Her bedroom is filled with bottles of lubricant, erotica novels, sex toys and more than 1,000 condoms of all shapes, sizes, colors and flavors. Emails from people with usernames like “Juicy Justine” and instant messages from lustful students seeking counsel fill her online inbox. She has even met the former CEO of Planned Parenthood. But Weinberg senior Nicole Collins sometimes worries about the stigma associated with being the director of the Sex Week committee.
“I’m no Ann Landers,” Collins says, comparing herself to the famed syndicated advice columnist. “There are people more knowledgeable about sex and sexuality than me.”
Collins says she hopes to make a “discernible difference within Northwestern culture and the way people view sex and sexuality,” and that people should view Sex Week as a source of education and discourse rather than entertainment and debauchery.
She says that she loves when people feel like they can open up to her about their sex issues, but she realizes that not everyone is willing to do so. This obstacle has created challenges for Collins as a member of College Feminists (which sponsors Sex Week) and a member of SHAPE (Sexual Health & Assault Peer Educators).
“We’re not about pushing sex in your face,” Collins says. “We’re not trying to get people to have sex. We’re just trying to get people to talk about it.”
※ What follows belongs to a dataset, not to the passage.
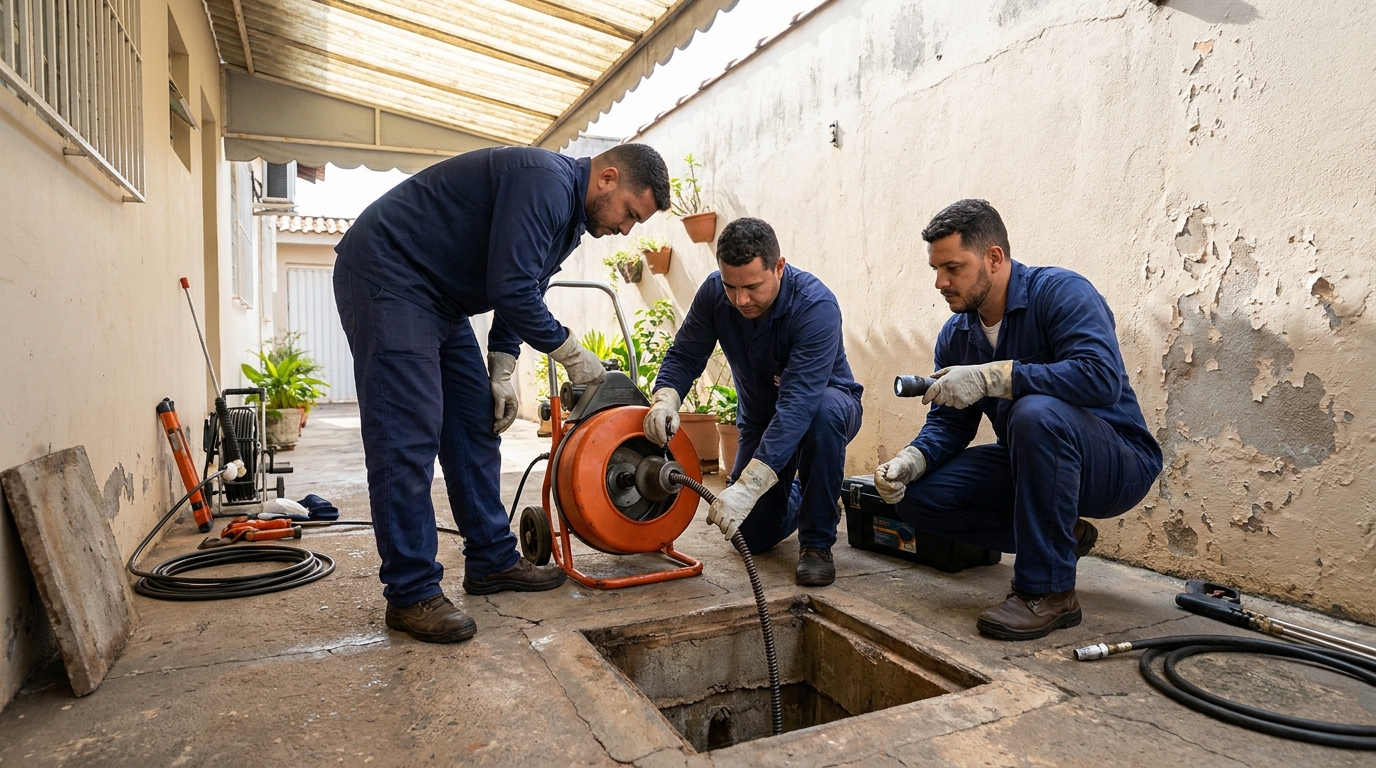 Desentupimento de esgoto com hidrojateamento em Londrina‑PR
Collins became involved in Sex Week in the fall of her freshman year, mostly because she felt she was not involved in enough campus organizations. She joined a listserv in November of her freshman year and eventually worked her way up through College Feminists. Though she says she started with very little knowledge of sexual health, she is now a Gender Studies and Sociology double major after taking classes that complemented her work with Sex Week.
“There are so many sex classes at Northwestern, it’s wonderful,” Collins says. “You learn the most interesting parts of stuff you read in Glamour, Cosmo and Seventeen.”
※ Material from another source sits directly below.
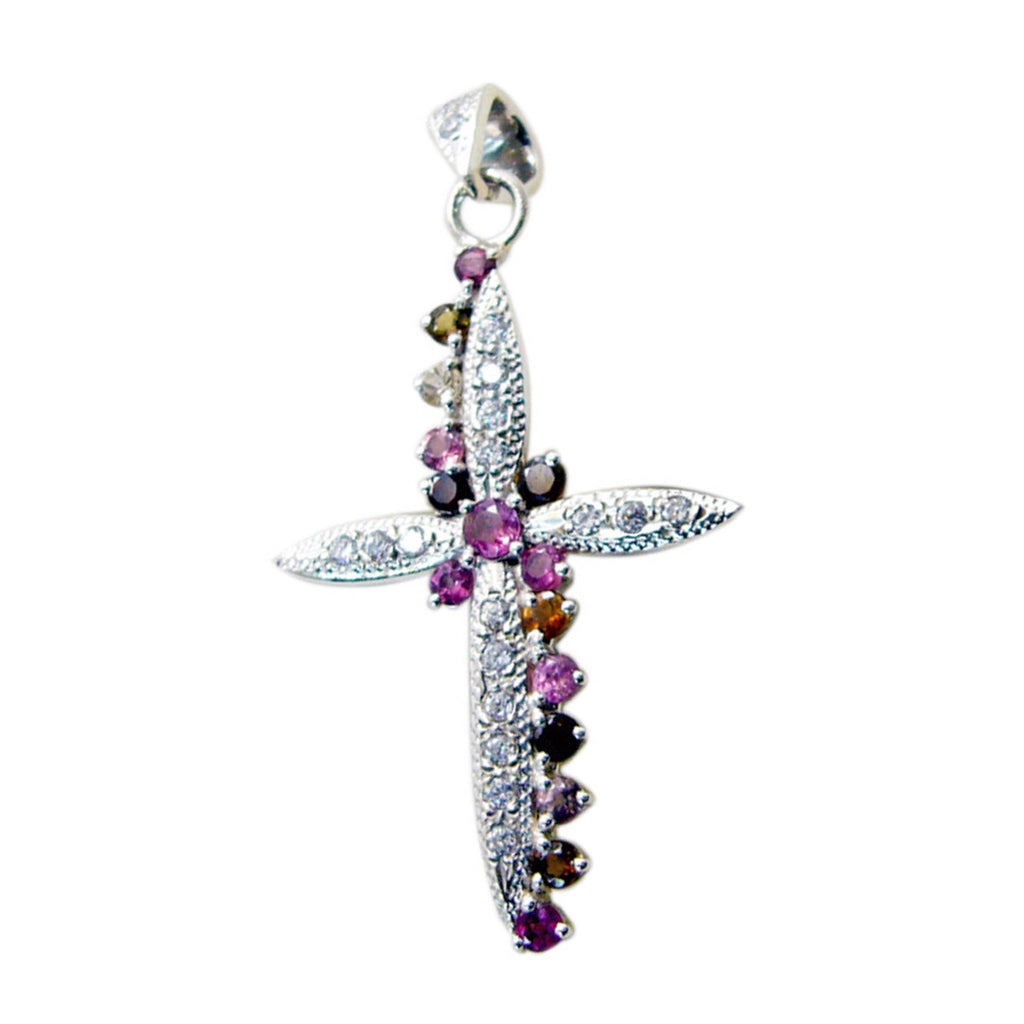 Tourmaline Essential African Silver multiple multicolor Pendant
Although some of the university’s course offerings inspired Collins to initiate dialogue about sex, the controversy surrounding the Human Sexuality sex toy demonstration has caused Sex Week 2011 to be more conservative and careful than in past years. Cognizant of the risks of media scrutiny, Collins met with Burgwell Howard, dean of students, to forewarn him of her concerns. Also, for the first time, counselors will be on hand during some of the week’s events to speak with students, and Collins says her committee has been careful to design posters that are not offensive.
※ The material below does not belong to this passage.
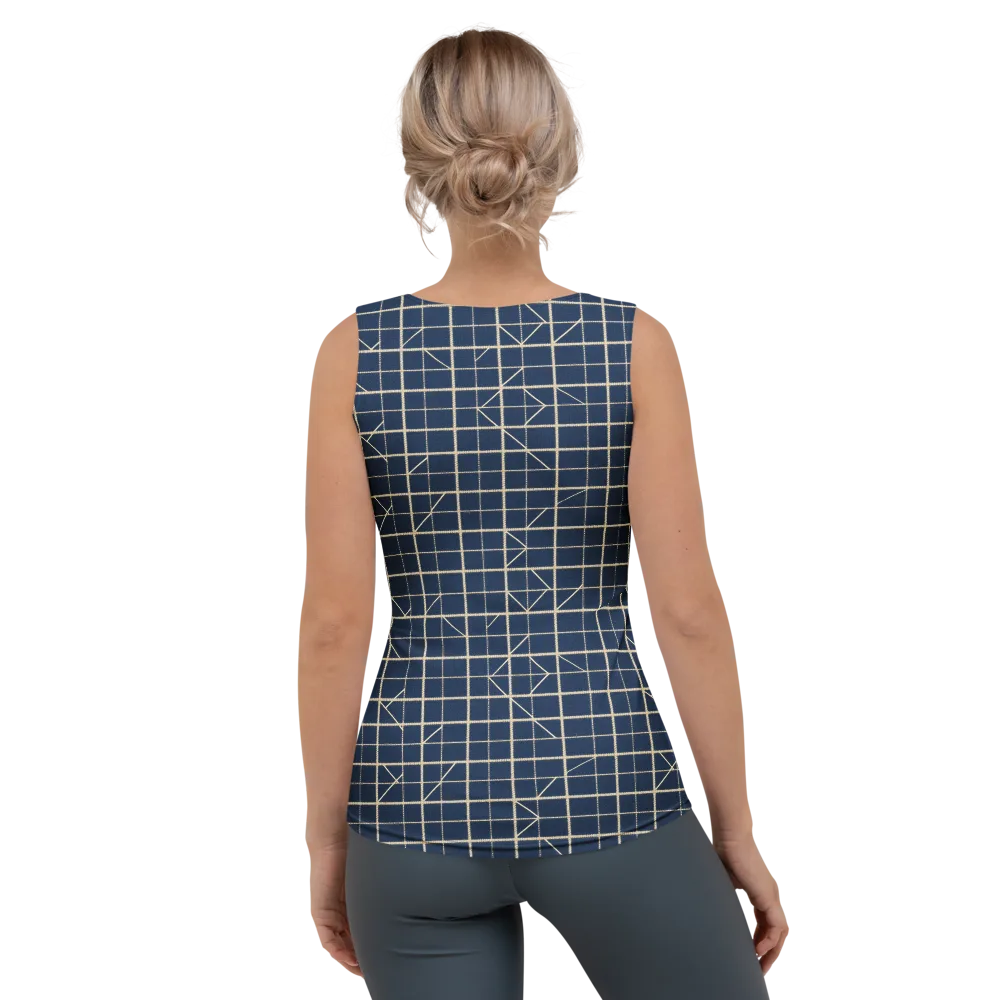 Indigo Lattice on Women's Tank Top — Back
“This whole debacle has put sex at Northwestern under a microscope,” Collins says. “This does speak to the fact that there are still people totally uncomfortable with nudity and sex.”
Around the time of the incident, Collins received an email from a Japanese sex toy company, asking her to help them put a vending machine in Norris in order to sell their products. She declined the offer.
Collins hopes that people, despite their moral or religious beliefs, will try to understand the purpose of Sex Week and its events. But she fears that they will not understand her.
“In terms of the Sex Week committee in general, there are two trains of thought: one, ‘they must have a lot of sex,’ or two, ‘they’re probably not getting any,’” Collins says. “On the committee, there are people of different sexualities, males, females, virgins and people who have been sexually active for quite some time.”
Collins also does not want people to think she is sex-obsessed; she admits that she does not have an active sex life, and she emphasizes the fact that she is involved in other activities, such as Marching Band and The Daily Northwestern (as a cartoonist). She also says her heavy involvement in Sex Week has not helped her in building long-term relationships, because it usually turns guys on a little too much, or completely turns them off.
“In the long run, I don’t think I could be with a guy who isn’t comfortable talking about sex,” Collins says. “My personal view is that in talking about sex and learning about sex you’re able to better gauge your own private decisions about what exactly you do with your body in your own free time.”
In the fall, Collins plans to be a Teach for America Corps Member in South Dakota, where she will take a break from sex education and teach a sixth grade science class. But she says she hopes to have a career pertaining to sex and sexuality, and she wishes to someday donate money to organizations with missions similar to her own.
“There’s work to be done,” Collins says. “All anyone can hope to do in college is find something that’s they’re passionate about and good at.”